Uma recuperação judicial suspende as execuções contra a empresa e força os credores a negociar para viabilizar a função social da empresa. A recuperação extrajudicial tem ganhado força porque os credores ficam menos sujeitos a um desconto maior no valor a receber, dado que não ocorre a suspensão imediata das execuções. A recuperação extrajudicial também é menos custosa.
A recuperação extrajudicial tende a ser menos prejudicial aos credores porque as negociações acontecem de forma mais segmentada. Essas reestruturações costumam resultar em perdas menores e acordos menos traumáticos.

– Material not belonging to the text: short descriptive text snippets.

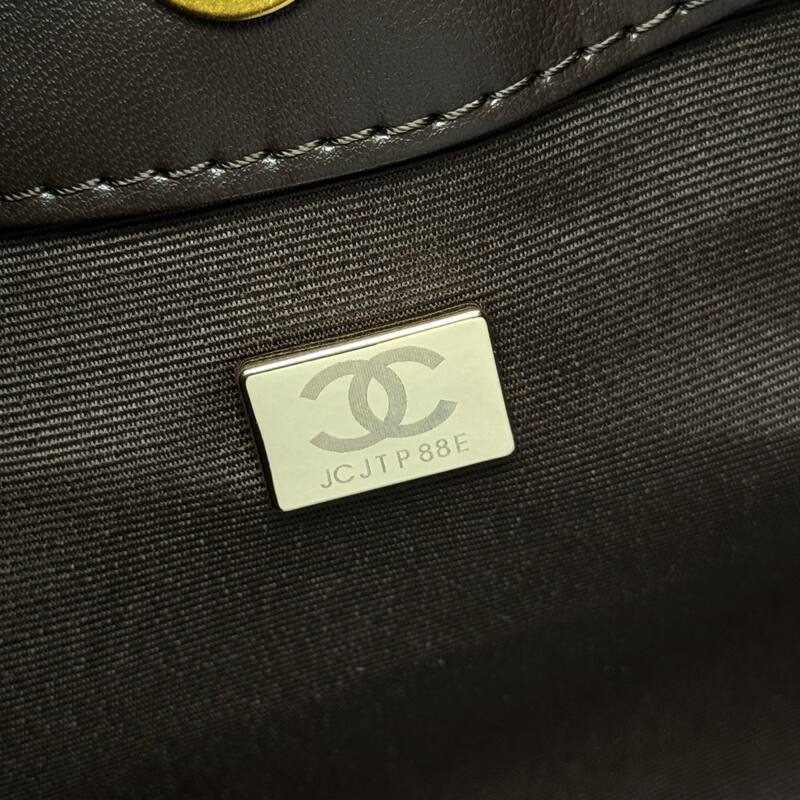 Chanel Dark Brown Suede crossbody — 1:1 Replica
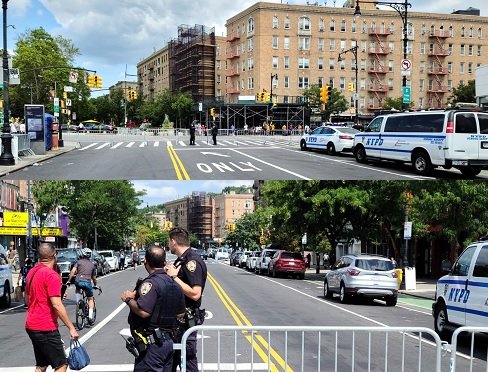 700 Policías en el Alto Manhattan por advertencia “Dominican Dyckman, Parte 3″ tomar calle Dyckman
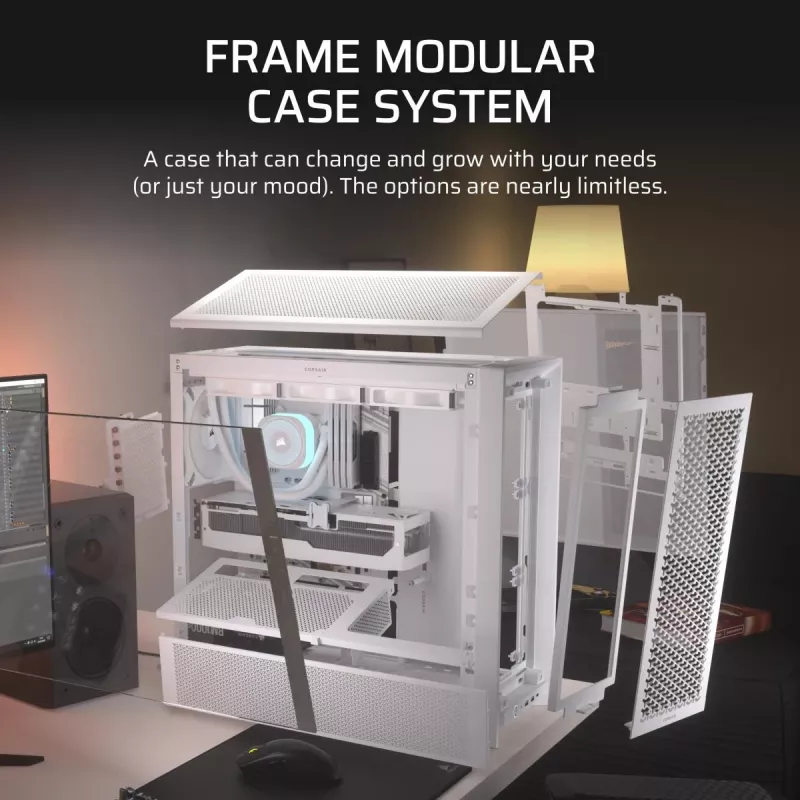 CORSAIR Mid-tower - θήκη Midi Frame 4000d λευκό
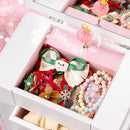 Jewelry Box for Girls, Musical Jewelry Box with Spinning Dancer Gifts for Little Girls Christmas New Year Birthday Children's Day, 5 Layer Large Wooden Kids Music Jewelry Organizer Box(White) by TinyTreasures Baby Boutique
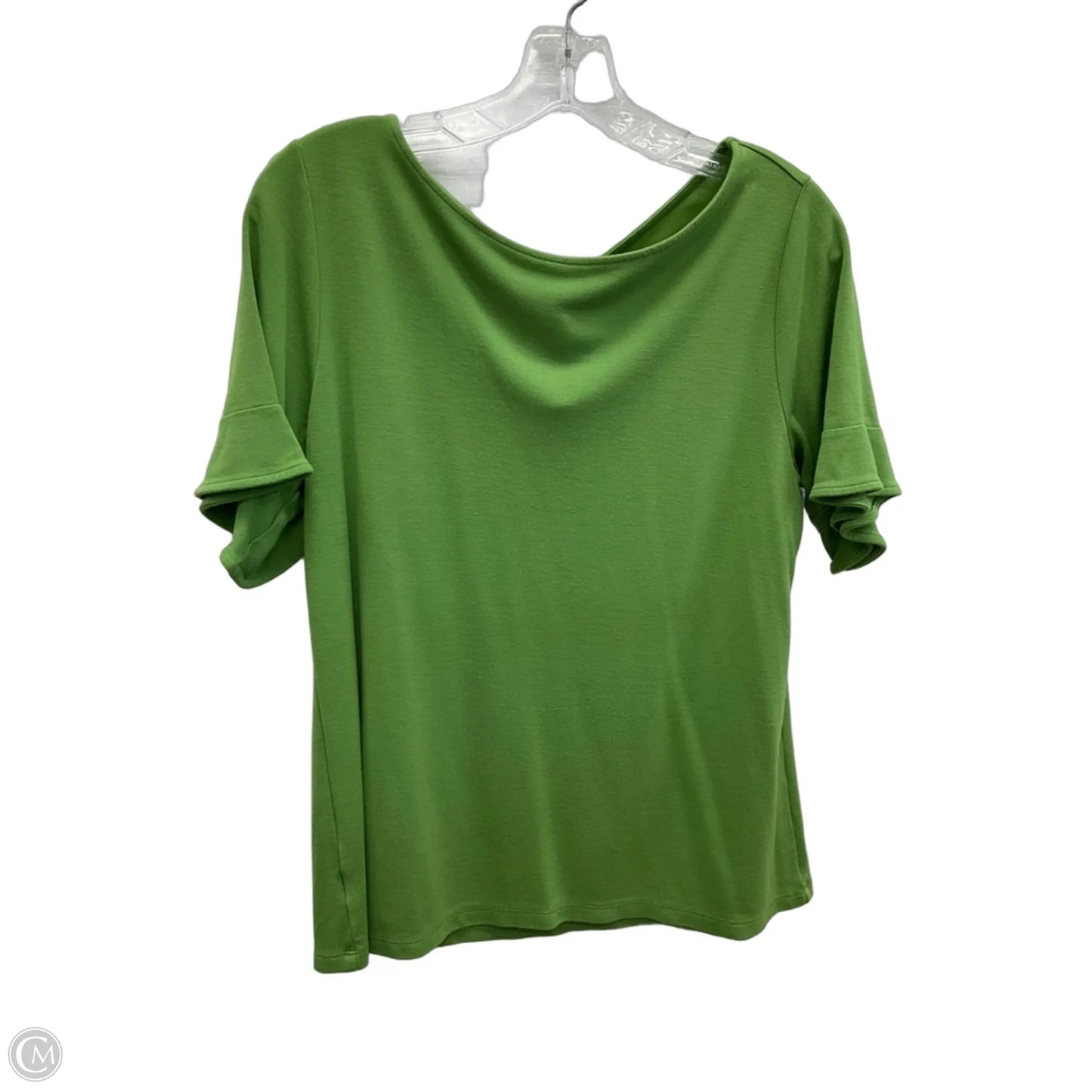 Top Short Sleeve Basic By Ann Taylor In Green, Size: M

Marcos Camilo, CEO da Pulse Capital, diz que, quando os títulos de crédito não contam com garantias reais (como imóveis ou recebíveis), a cobrança é um processo mais complicado:
— Vai para a fila de credores gerais. O CRA e o CRI não têm proteção do FGC. O risco é maior mesmo. Se o lastro são debêntures da própria empresa, uma via que a empresa pode tentar é converter em equity (ações). Assim, o credor deixa de ser credor e passa a ser sócio, por exemplo. A dívida vira capital social da empresa.
O CRA representa uma antecipação de recebíveis futuros de uma empresa. Essa empresa, ao prever um recebimento futuro, como o da venda de uma safra, por exemplo, pode emitir o CRA, um título de dívida que pode ser adquirido por investidores. Os CRAs podem ter ou não garantia, sendo a safra em si a garantia mais comum, explica Natasha Giffoni Ferreira, sócia do escritório Volk & Giffoni Ferreira Advogados.
Já a debênture também é um título de dívida emitido por empresas, mas não está atrelada a um recebimento específico, como a safra. A debênture pode ser conversível, permitindo a conversão em ações da empresa em caso de inadimplência, ou não conversível, caso em que pode contar com outros tipos de garantia, como a alienação fiduciária, por exemplo.
— Os entrarão na lista de credores. A classificação dos credores dependerá das garantias que cada um possui. A assembleia de credores analisará a situação e definirá os próximos passos.
Durante esse processo, ao contrário da recuperação judicial, os investidores podem vender seus títulos no mercado secundário antes do vencimento, normalmente concedendo descontos expressivos no valor do título.
— É possível vender, mas com certeza haverá um bom desconto no título. Existem grandes fundos de investimento especializados em comprar este tipo de crédito de alto risco, mas certamente exigirão descontos altos — diz Camilo.
Ele complementa:
— Não é garantido que haverá compradores para os títulos. Agora são operações em mercado secundário, entre investidores. Pode ser feita via balcão de mercado de capitais. Se a empresa recuperar a saúde financeira este título pode valorizar novamente. Mas se não recuperar, o título pode ser enterrado de vez. Esta é a arte do mercado financeiro.
Camilo conta que o próximo passo para os investidores é consultar seus advogados, consultores de investimento, os administradores fiduciários e o regulamento dos títulos para compreender regras de vencimento antecipado, conversibilidade e regras de ordem de prioridade de execução em caso de inadimplemento.
O plano de reestruturação, diz a Raízen, inclui também a conversão de uma parcela das dívidas em ações, mas esse percentual ainda será definido. Também está prevista venda de ativos da Raízen.
Quando o CRA é lastreado em debêntures do próprio grupo, explica Camilo, a renegociação costuma ocorrer primeiro no nível dessas debêntures. O CRA tende a acompanhar as mudanças, mas isso depende do que está previsto no termo de securitização e pode exigir deliberação dos investidores do título.